Tuesday, December 8, 2015
Agudath Israel Hails New Yeshiva Security Measure Passed by City Council Today
Earlier today, the City Council passed a measure, introduced by City Councilmember David Greenfield, which will reimburse the city's larger nonpublic schools for costs they incur in hiring private security guards. The historic agreement between New York City Mayor Bill de Blasio, City Council Speaker Melissa Mark-Viverito and Councilman David Greenfield, was enthusiastically welcomed by Agudath Israel of America.

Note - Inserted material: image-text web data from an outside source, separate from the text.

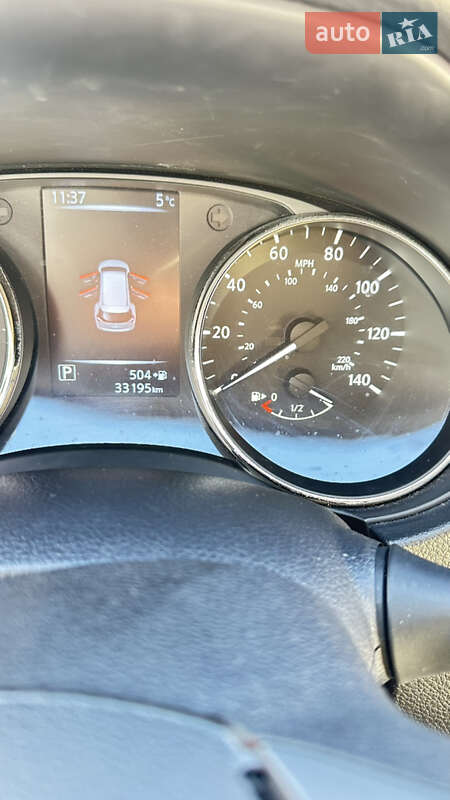 Внедорожник / Кроссовер Nissan Rogue 2017 в Львове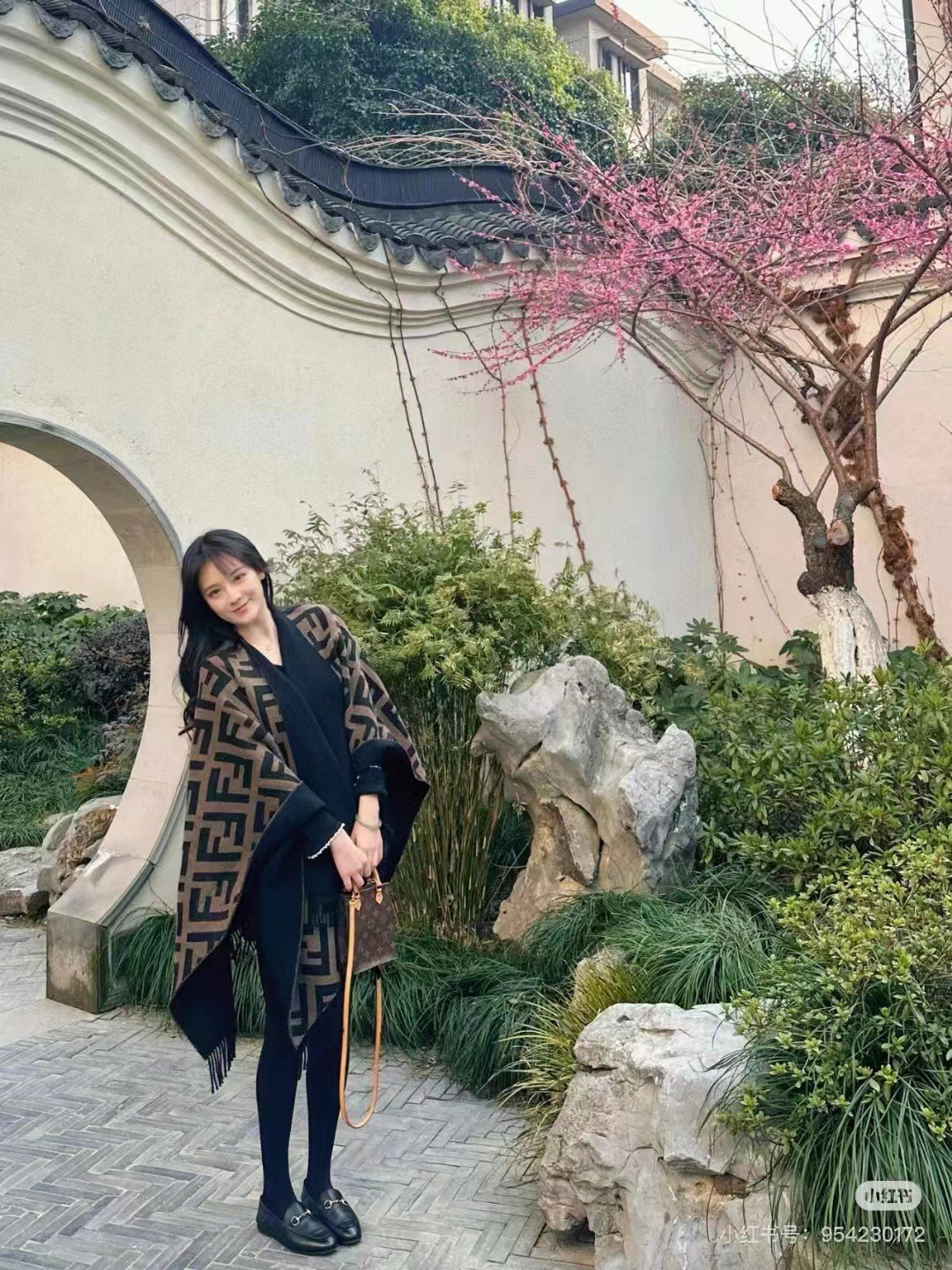 F Cashmere Knit Sweater Shrug Cape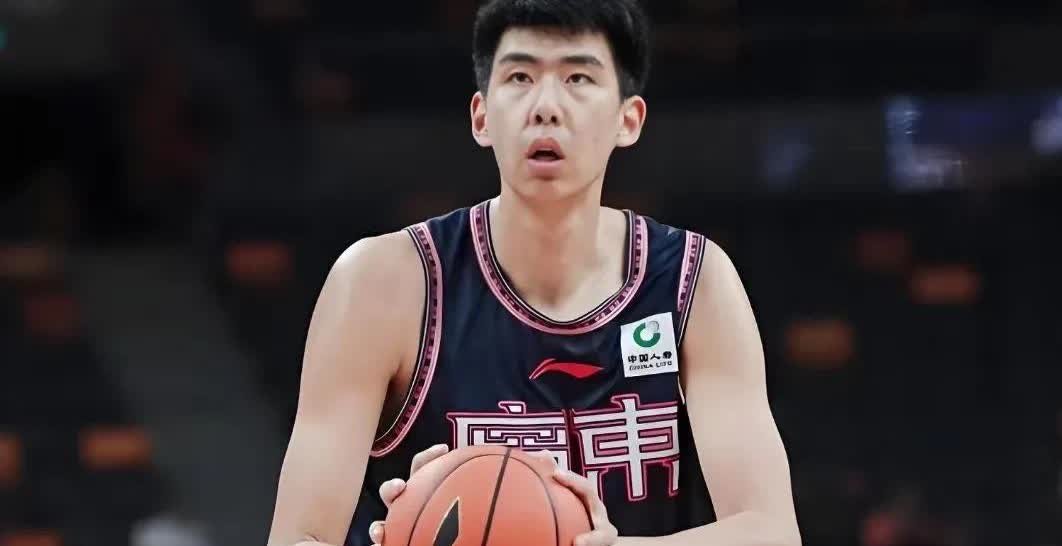 广东宏远内线潜力之星徐昕这回是铁了心要走了。
青岛队杨瀚森赴NBA进修，下赛季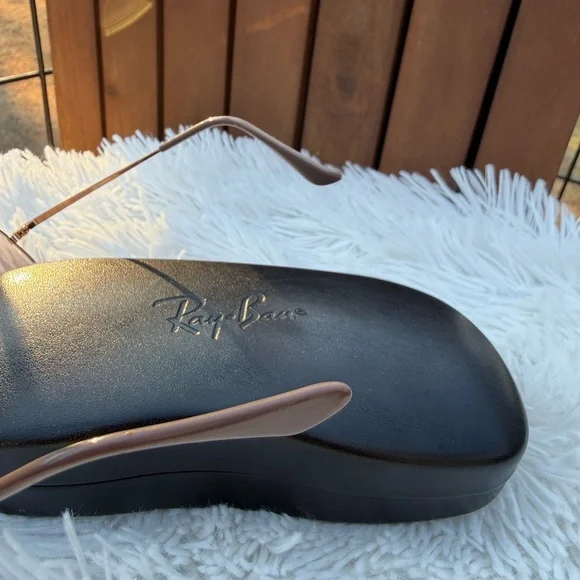 Ray-Ban Gold Aviator Sunglasses - Picture 5 of 9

"This is a tremendous achievement," said Agudath Israel's executive vice president Rabbi Chaim Dovid Zwiebel. "Parents of nonpublic school children throughout the city will now breathe a sigh of relief knowing that, at a time when the world has become increasingly dangerous, their precious children are afforded a serious measure of protection. Thank you Councilman Greenfield, thank you Mayor De Blasio, thank you Speaker Mark Viverito, thank you to all the elected officials who made this happen."
The measure, which has been in the works for a number of years, is expected to take effect on April 1, 2016.
Agudath Israel and other nonpublic school groups co-sponsored a conference call with Councilman Greenfield last week where details of this bill were discussed. Approximately $20 million have been allocated to reimburse nonpublic schools with 300 or more pre-K to twelfth grade students to provide unarmed security officers whenever the school has instruction or during school-related events. An additional security officer will be provided for a nonpublic school with 500 students, with one additional officer per subsequent 500 students. Security officers must be state-licensed and city-approved and must receive prevailing wages.
"This is a bill whose time has come," said Mrs. Deborah Zachai, Agudath Israel's Director for Education Affairs. "We are looking forward to working with the city on the bill's implementation."
In the interim, Mrs. Zachai's office has sent the NYC yeshivos an Intro 65-A Fact Sheet, prepared by Councilman Greenfield's office, which summarizes several key provisions of the bill.